TASK OBJECTIVE: The complete set of records below must be repeated precisely as given.
==*==
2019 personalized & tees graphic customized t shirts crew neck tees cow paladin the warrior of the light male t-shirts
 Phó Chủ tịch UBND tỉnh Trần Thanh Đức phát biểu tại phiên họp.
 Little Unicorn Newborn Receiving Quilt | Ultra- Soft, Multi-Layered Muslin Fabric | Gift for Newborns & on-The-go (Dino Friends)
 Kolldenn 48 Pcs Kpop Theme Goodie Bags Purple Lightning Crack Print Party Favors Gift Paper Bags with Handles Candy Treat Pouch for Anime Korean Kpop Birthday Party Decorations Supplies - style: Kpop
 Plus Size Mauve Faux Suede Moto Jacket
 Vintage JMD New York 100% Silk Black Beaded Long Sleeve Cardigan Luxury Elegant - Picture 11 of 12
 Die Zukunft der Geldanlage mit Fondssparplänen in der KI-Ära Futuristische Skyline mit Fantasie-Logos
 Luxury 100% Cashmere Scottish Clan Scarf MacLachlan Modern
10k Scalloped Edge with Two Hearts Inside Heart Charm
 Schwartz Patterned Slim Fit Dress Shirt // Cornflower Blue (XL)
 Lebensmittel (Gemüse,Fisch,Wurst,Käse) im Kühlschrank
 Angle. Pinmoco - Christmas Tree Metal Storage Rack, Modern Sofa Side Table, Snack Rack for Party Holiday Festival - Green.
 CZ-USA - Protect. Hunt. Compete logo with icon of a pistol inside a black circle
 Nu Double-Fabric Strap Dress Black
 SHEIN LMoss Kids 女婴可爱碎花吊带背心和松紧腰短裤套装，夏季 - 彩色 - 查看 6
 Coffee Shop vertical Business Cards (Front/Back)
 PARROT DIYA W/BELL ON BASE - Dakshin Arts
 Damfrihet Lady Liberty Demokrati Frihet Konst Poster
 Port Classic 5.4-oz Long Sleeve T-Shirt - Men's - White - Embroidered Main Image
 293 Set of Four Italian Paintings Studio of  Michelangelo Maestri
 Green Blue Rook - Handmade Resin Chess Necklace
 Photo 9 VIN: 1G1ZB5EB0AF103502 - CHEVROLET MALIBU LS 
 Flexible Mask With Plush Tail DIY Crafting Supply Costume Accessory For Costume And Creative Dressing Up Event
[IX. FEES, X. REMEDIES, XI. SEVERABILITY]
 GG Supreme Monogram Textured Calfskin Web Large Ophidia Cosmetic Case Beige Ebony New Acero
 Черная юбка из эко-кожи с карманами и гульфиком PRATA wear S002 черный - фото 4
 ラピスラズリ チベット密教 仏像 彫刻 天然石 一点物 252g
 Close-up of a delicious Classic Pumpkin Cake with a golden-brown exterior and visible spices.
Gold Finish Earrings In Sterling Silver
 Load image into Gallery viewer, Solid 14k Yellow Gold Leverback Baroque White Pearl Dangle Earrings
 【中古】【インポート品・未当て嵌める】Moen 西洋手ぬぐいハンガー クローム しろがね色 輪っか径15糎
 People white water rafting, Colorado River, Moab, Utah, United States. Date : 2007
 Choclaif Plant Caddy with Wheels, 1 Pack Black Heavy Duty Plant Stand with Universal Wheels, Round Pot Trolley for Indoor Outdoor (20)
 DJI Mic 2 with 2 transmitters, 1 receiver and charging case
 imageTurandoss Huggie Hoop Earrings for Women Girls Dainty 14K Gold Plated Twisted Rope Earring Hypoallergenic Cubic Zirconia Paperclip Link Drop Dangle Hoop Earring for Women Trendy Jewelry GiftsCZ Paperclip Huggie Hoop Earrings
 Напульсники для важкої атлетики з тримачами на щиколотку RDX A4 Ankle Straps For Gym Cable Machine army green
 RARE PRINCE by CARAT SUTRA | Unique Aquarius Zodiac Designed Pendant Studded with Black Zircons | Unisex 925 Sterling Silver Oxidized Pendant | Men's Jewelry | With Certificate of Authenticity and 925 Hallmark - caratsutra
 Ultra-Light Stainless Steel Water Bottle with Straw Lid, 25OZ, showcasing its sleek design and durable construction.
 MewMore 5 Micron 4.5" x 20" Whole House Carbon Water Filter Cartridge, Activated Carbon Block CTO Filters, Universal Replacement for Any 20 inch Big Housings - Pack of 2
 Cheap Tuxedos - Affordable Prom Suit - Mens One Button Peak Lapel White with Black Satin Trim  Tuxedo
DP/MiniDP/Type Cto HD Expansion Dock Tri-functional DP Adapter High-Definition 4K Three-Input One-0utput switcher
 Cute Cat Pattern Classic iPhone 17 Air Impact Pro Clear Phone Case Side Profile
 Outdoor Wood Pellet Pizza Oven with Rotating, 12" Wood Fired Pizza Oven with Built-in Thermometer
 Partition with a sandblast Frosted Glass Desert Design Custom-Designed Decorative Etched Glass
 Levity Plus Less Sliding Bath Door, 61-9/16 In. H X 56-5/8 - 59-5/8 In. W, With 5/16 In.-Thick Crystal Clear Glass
==*==
ANSWER BOX:
2019 personalized & tees graphic customized t shirts crew neck tees cow paladin the warrior of the light male t-shirts
 Phó Chủ tịch UBND tỉnh Trần Thanh Đức phát biểu tại phiên họp.
 Little Unicorn Newborn Receiving Quilt | Ultra- Soft, Multi-Layered Muslin Fabric | Gift for Newborns & on-The-go (Dino Friends)
 Kolldenn 48 Pcs Kpop Theme Goodie Bags Purple Lightning Crack Print Party Favors Gift Paper Bags with Handles Candy Treat Pouch for Anime Korean Kpop Birthday Party Decorations Supplies - style: Kpop
 Plus Size Mauve Faux Suede Moto Jacket
 Vintage JMD New York 100% Silk Black Beaded Long Sleeve Cardigan Luxury Elegant - Picture 11 of 12
 Die Zukunft der Geldanlage mit Fondssparplänen in der KI-Ära Futuristische Skyline mit Fantasie-Logos
 Luxury 100% Cashmere Scottish Clan Scarf MacLachlan Modern
10k Scalloped Edge with Two Hearts Inside Heart Charm
 Schwartz Patterned Slim Fit Dress Shirt // Cornflower Blue (XL)
 Lebensmittel (Gemüse,Fisch,Wurst,Käse) im Kühlschrank
 Angle. Pinmoco - Christmas Tree Metal Storage Rack, Modern Sofa Side Table, Snack Rack for Party Holiday Festival - Green.
 CZ-USA - Protect. Hunt. Compete logo with icon of a pistol inside a black circle
 Nu Double-Fabric Strap Dress Black
 SHEIN LMoss Kids 女婴可爱碎花吊带背心和松紧腰短裤套装，夏季 - 彩色 - 查看 6
 Coffee Shop vertical Business Cards (Front/Back)
 PARROT DIYA W/BELL ON BASE - Dakshin Arts
 Damfrihet Lady Liberty Demokrati Frihet Konst Poster
 Port Classic 5.4-oz Long Sleeve T-Shirt - Men's - White - Embroidered Main Image
 293 Set of Four Italian Paintings Studio of  Michelangelo Maestri
 Green Blue Rook - Handmade Resin Chess Necklace
 Photo 9 VIN: 1G1ZB5EB0AF103502 - CHEVROLET MALIBU LS 
 Flexible Mask With Plush Tail DIY Crafting Supply Costume Accessory For Costume And Creative Dressing Up Event
[IX. FEES, X. REMEDIES, XI. SEVERABILITY]
 GG Supreme Monogram Textured Calfskin Web Large Ophidia Cosmetic Case Beige Ebony New Acero
 Черная юбка из эко-кожи с карманами и гульфиком PRATA wear S002 черный - фото 4
 ラピスラズリ チベット密教 仏像 彫刻 天然石 一点物 252g
 Close-up of a delicious Classic Pumpkin Cake with a golden-brown exterior and visible spices.
Gold Finish Earrings In Sterling Silver
 Load image into Gallery viewer, Solid 14k Yellow Gold Leverback Baroque White Pearl Dangle Earrings
 【中古】【インポート品・未当て嵌める】Moen 西洋手ぬぐいハンガー クローム しろがね色 輪っか径15糎
 People white water rafting, Colorado River, Moab, Utah, United States. Date : 2007
 Choclaif Plant Caddy with Wheels, 1 Pack Black Heavy Duty Plant Stand with Universal Wheels, Round Pot Trolley for Indoor Outdoor (20)
 DJI Mic 2 with 2 transmitters, 1 receiver and charging case
 imageTurandoss Huggie Hoop Earrings for Women Girls Dainty 14K Gold Plated Twisted Rope Earring Hypoallergenic Cubic Zirconia Paperclip Link Drop Dangle Hoop Earring for Women Trendy Jewelry GiftsCZ Paperclip Huggie Hoop Earrings
 Напульсники для важкої атлетики з тримачами на щиколотку RDX A4 Ankle Straps For Gym Cable Machine army green
 RARE PRINCE by CARAT SUTRA | Unique Aquarius Zodiac Designed Pendant Studded with Black Zircons | Unisex 925 Sterling Silver Oxidized Pendant | Men's Jewelry | With Certificate of Authenticity and 925 Hallmark - caratsutra
 Ultra-Light Stainless Steel Water Bottle with Straw Lid, 25OZ, showcasing its sleek design and durable construction.
 MewMore 5 Micron 4.5" x 20" Whole House Carbon Water Filter Cartridge, Activated Carbon Block CTO Filters, Universal Replacement for Any 20 inch Big Housings - Pack of 2
 Cheap Tuxedos - Affordable Prom Suit - Mens One Button Peak Lapel White with Black Satin Trim  Tuxedo
DP/MiniDP/Type Cto HD Expansion Dock Tri-functional DP Adapter High-Definition 4K Three-Input One-0utput switcher
 Cute Cat Pattern Classic iPhone 17 Air Impact Pro Clear Phone Case Side Profile
 Outdoor Wood Pellet Pizza Oven with Rotating, 12" Wood Fired Pizza Oven with Built-in Thermometer
 Partition with a sandblast Frosted Glass Desert Design Custom-Designed Decorative Etched Glass
 Levity Plus Less Sliding Bath Door, 61-9/16 In. H X 56-5/8 - 59-5/8 In. W, With 5/16 In.-Thick Crystal Clear Glass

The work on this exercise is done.